NASA has steadfastly said that the Kecskburg was not the result of an extraterrestrial crash. “One of NASA’s key goals is the search for life in the universe. To date, NASA has yet to find any credible evidence of extraterrestrial life; however, NASA is exploring the solar system and beyond to help us answer fundamental questions, including whether we are alone in the universe,” NASA told Motherboard in an email. “We lead the U.S. government’s search for extraterrestrial life, be it close to home, on the planets or moons of our solar system, or deeper into space.
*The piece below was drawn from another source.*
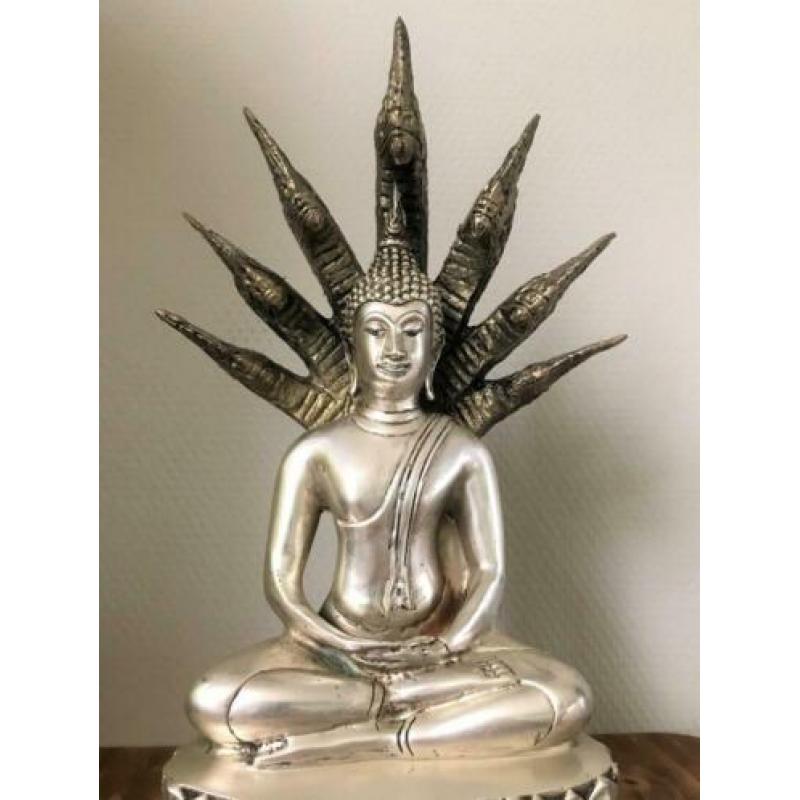 Grote Pang Naga Prok Brons verzilverd buddha beeld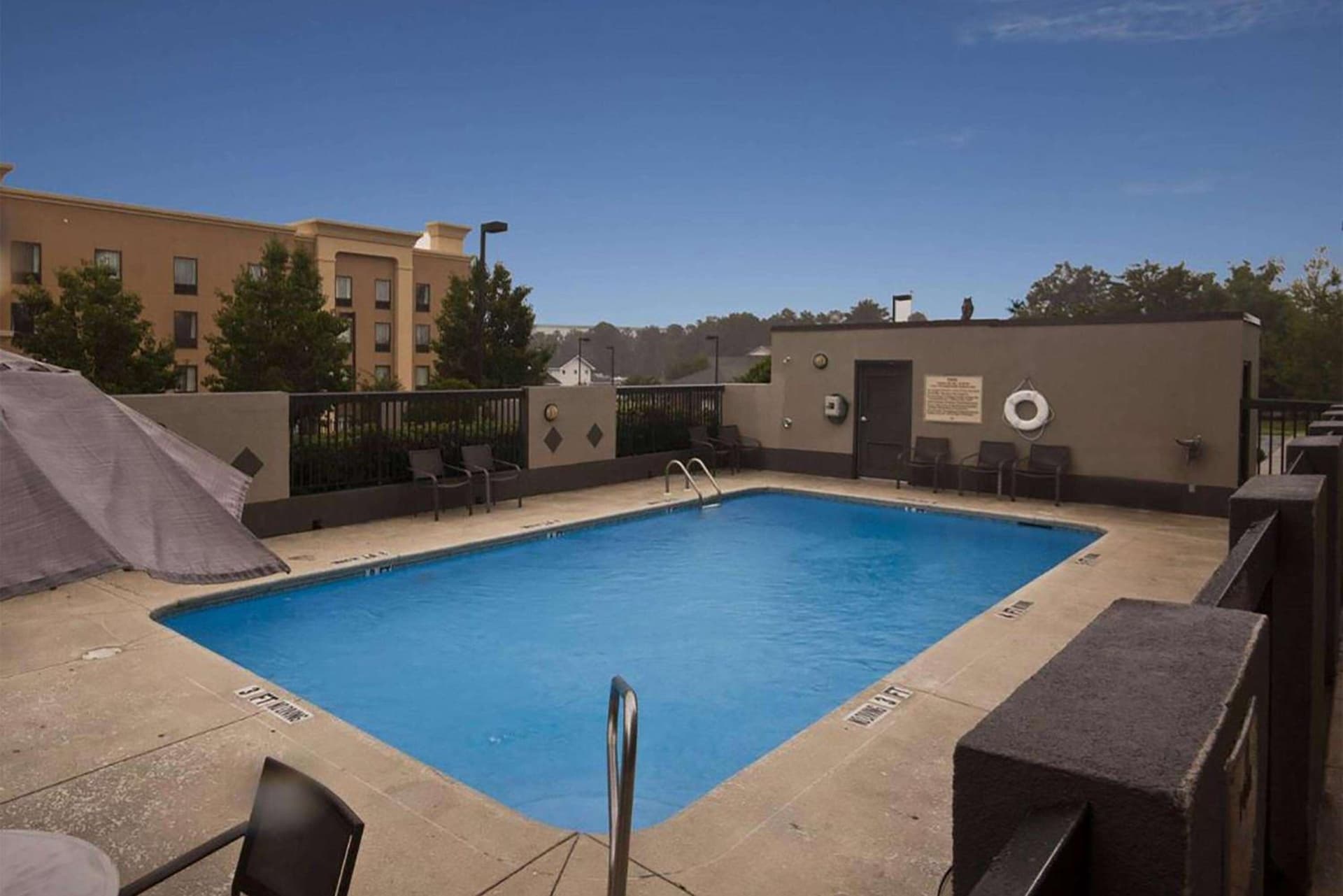 Days Inn by Wyndham Laurel MS interior in Laurel, MS — gallery photo 2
NASA does not actively search for UAPs and the lack of robust data is the central problem for scientific study of UAPs and to determine whether they are natural or human-made phenomena—there is no current data to support that UAPs or UFOs are evidence of alien technologies.”

The truth of the Kecksburg incident is probably lost to time. That is, of course, unless more files are dug up from deep inside the federal government’s archives that can confirm NASA’s current story. As The Black Vault and the Freedom of Information Act have repeatedly proved, sometimes it just takes a fresh set of eyes and a new set of questions to get a little closer to the truth.